ACTION ITEM:
Though the records contain pictures, copy none of them; repeat exactly the lines from the one with "Creative Scented Birthday" to the end.

EXCERPTED RECORDS:
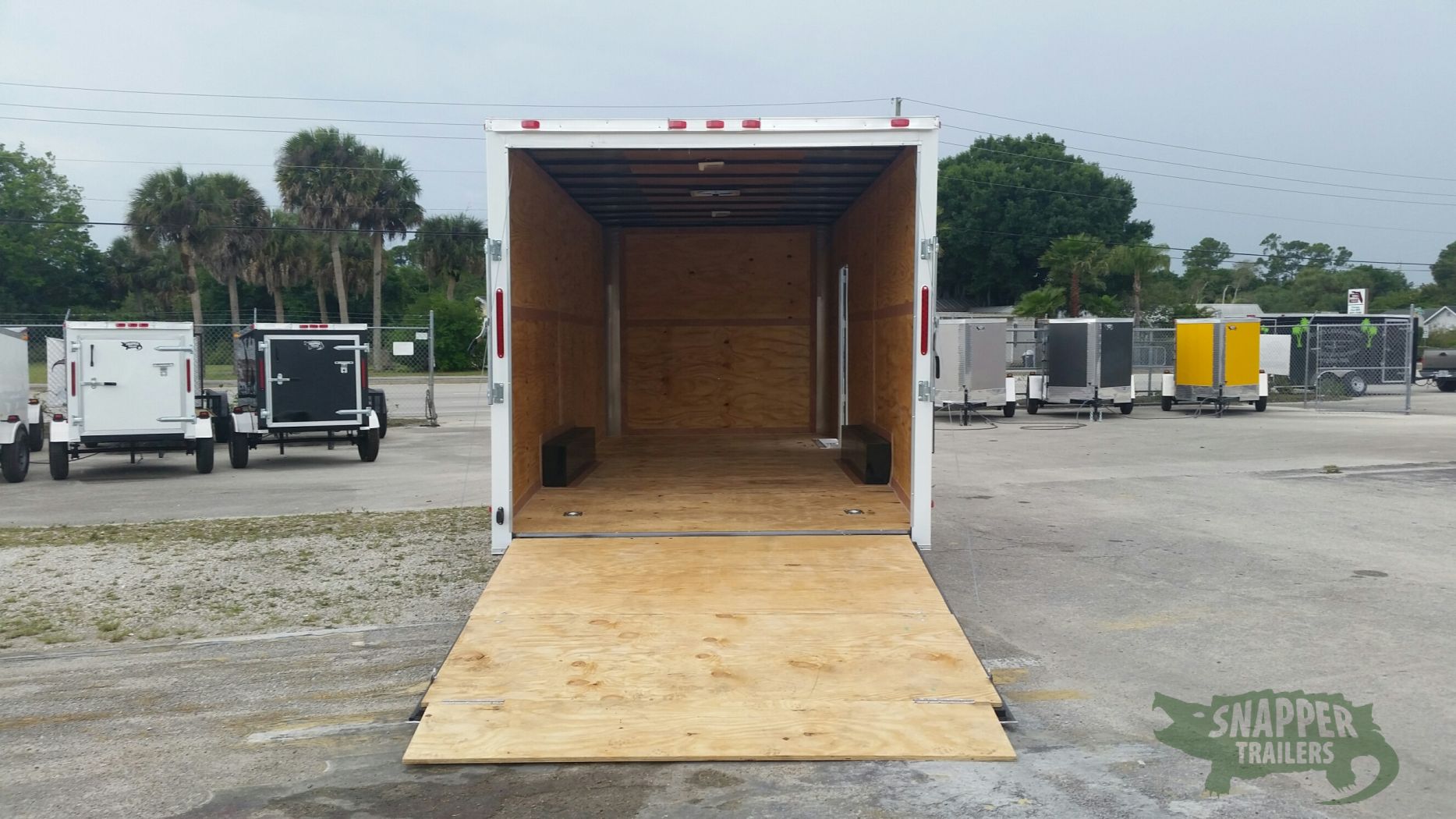 South Georgia Cargo Custom 8.5x20 TA Trailer - White, Ramp, Side Door, Extra Height, Flat Front - Image 6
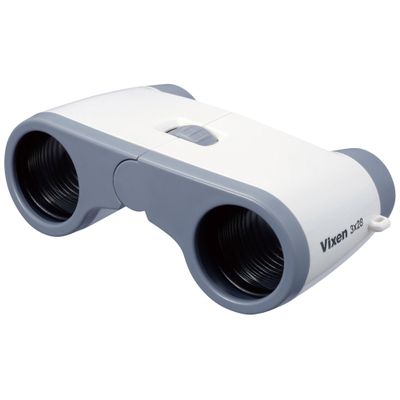 Vixen Opera Glass 3x28mm Roof Prism Binocular, White, 12302
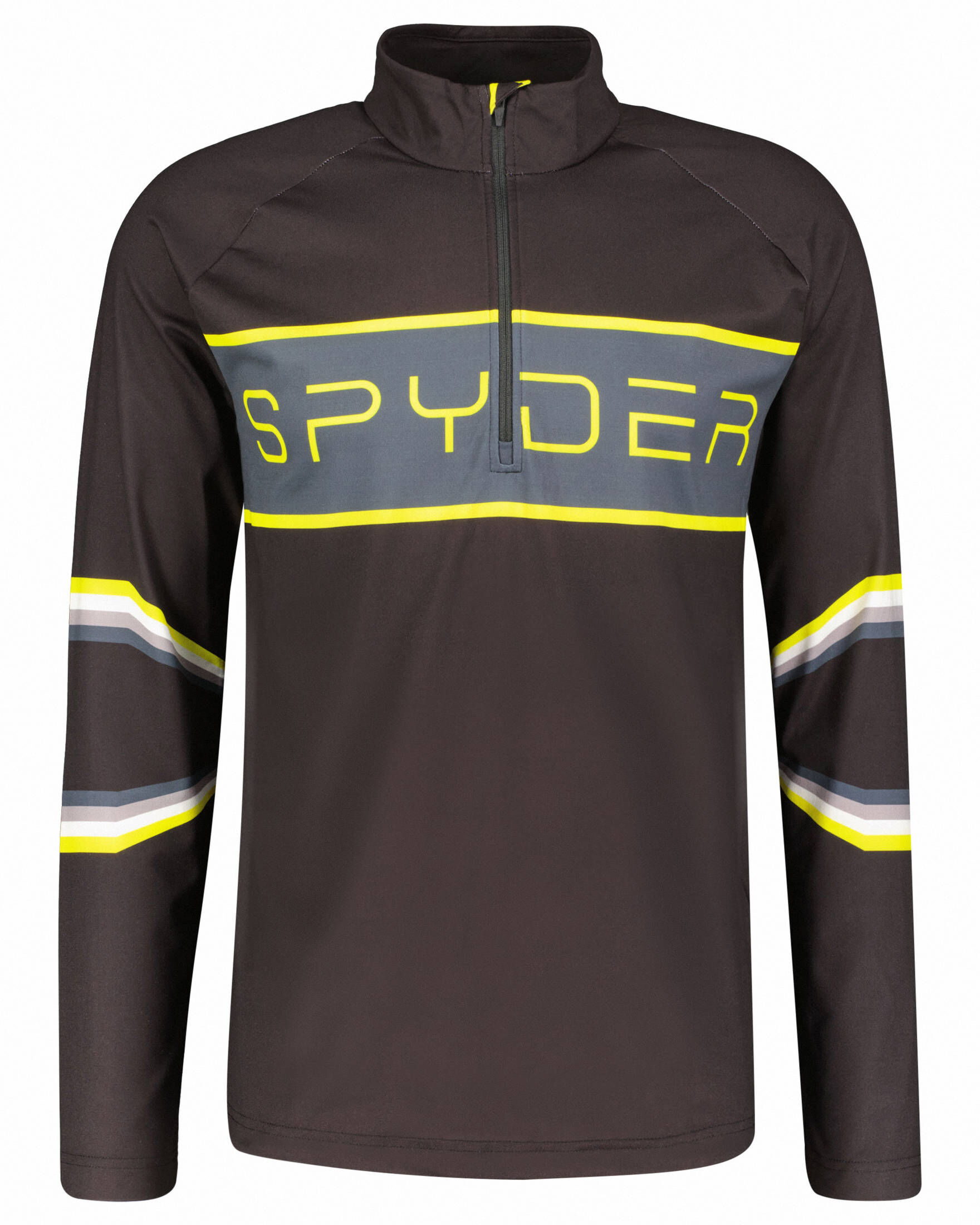 Spyder Herren Baselayer Zip T-Neck - Funktionsunterwäsche Für Sport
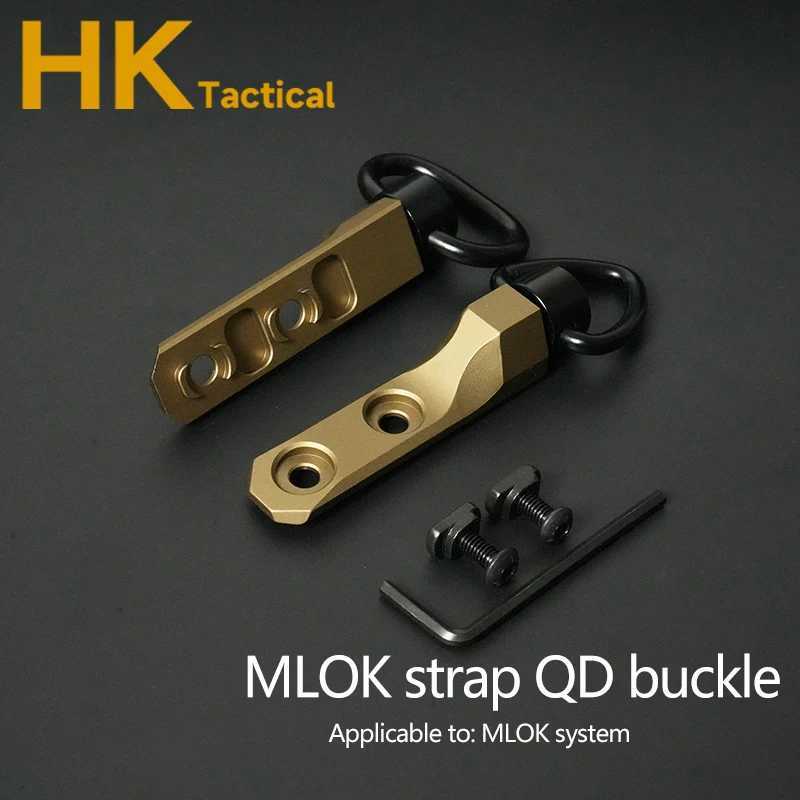Tactical CNC KAC M-LOK QD Sling Mount Quick Detach QD .25 Inch Sling Swivels Buckle For MLOK Rail Straps Attachment AccessoriesW250211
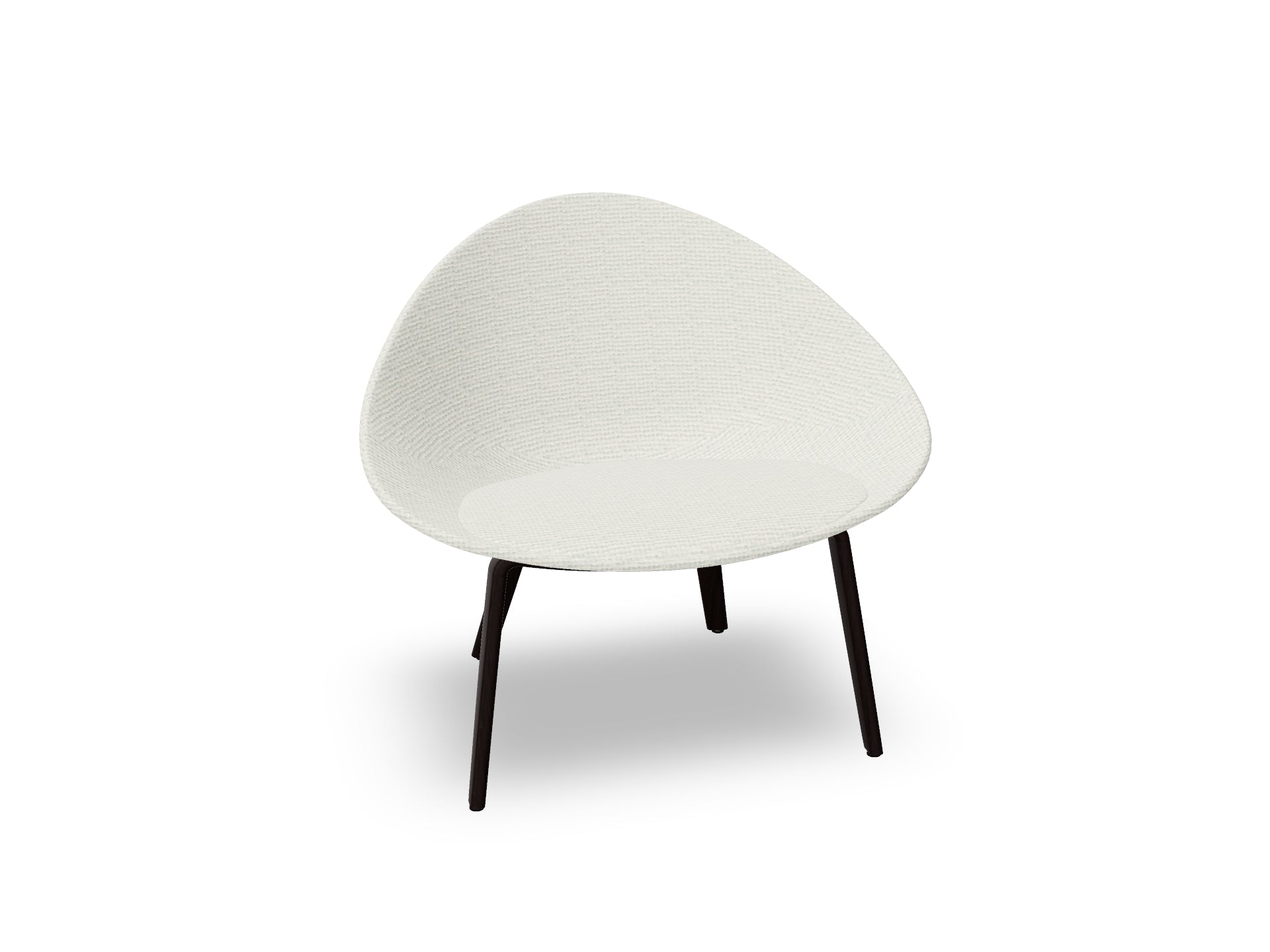 Adell 4 Leg Wood Lounge Chair With Fully Upholstered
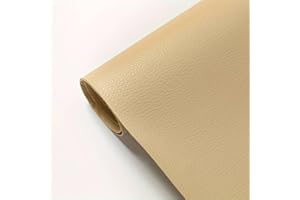 VIGOEXPRESS Kunstleder Selbstklebend Reparaturset - 40 x 300 cm | LEATHERPATCH (Beige)
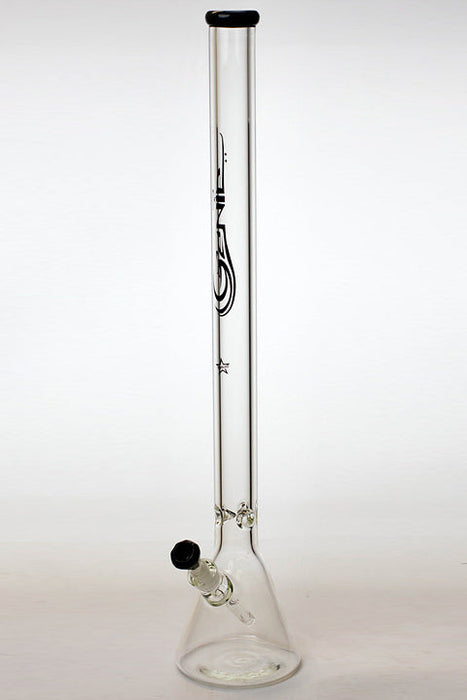 Genie | 30" 9mm glass beaker water bong Beaker Bong ONE Black
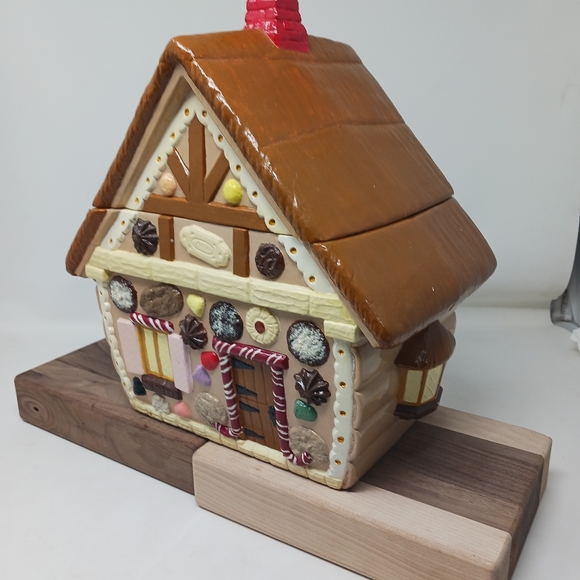 Vintage ceramiccookie jar - Picture 3 of 15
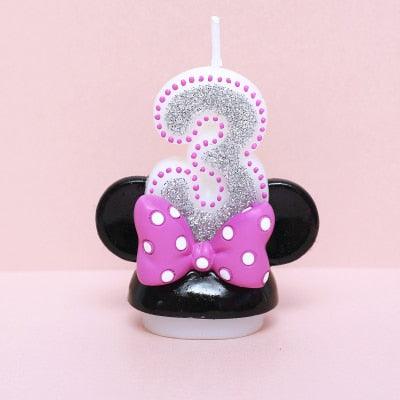 Creative Scented Birthday Weddings Art Candles Digits Cartoon Flameless Candle Cake for Children Gifts Happy Birthday Decoration Children Cute Birthday Cake Candle Party Cake Decoration Stevvex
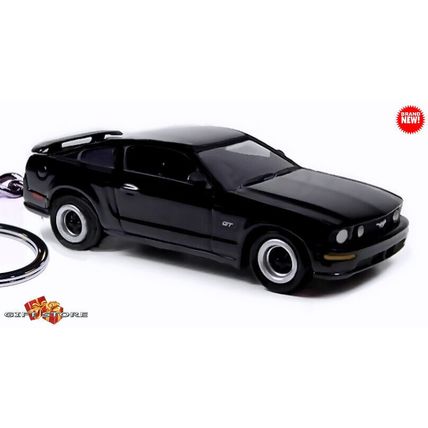 RARE KEYCHAIN TRIPLE BLACK FORD MUSTANG GT CUSTOM Ltd EDITION GREAT GIFT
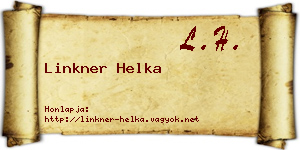 Linkner Helka névjegykártya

EXERCISE RESULT:
 Creative Scented Birthday Weddings Art Candles Digits Cartoon Flameless Candle Cake for Children Gifts Happy Birthday Decoration Children Cute Birthday Cake Candle Party Cake Decoration Stevvex
 RARE KEYCHAIN TRIPLE BLACK FORD MUSTANG GT CUSTOM Ltd EDITION GREAT GIFT
 Linkner Helka névjegykártya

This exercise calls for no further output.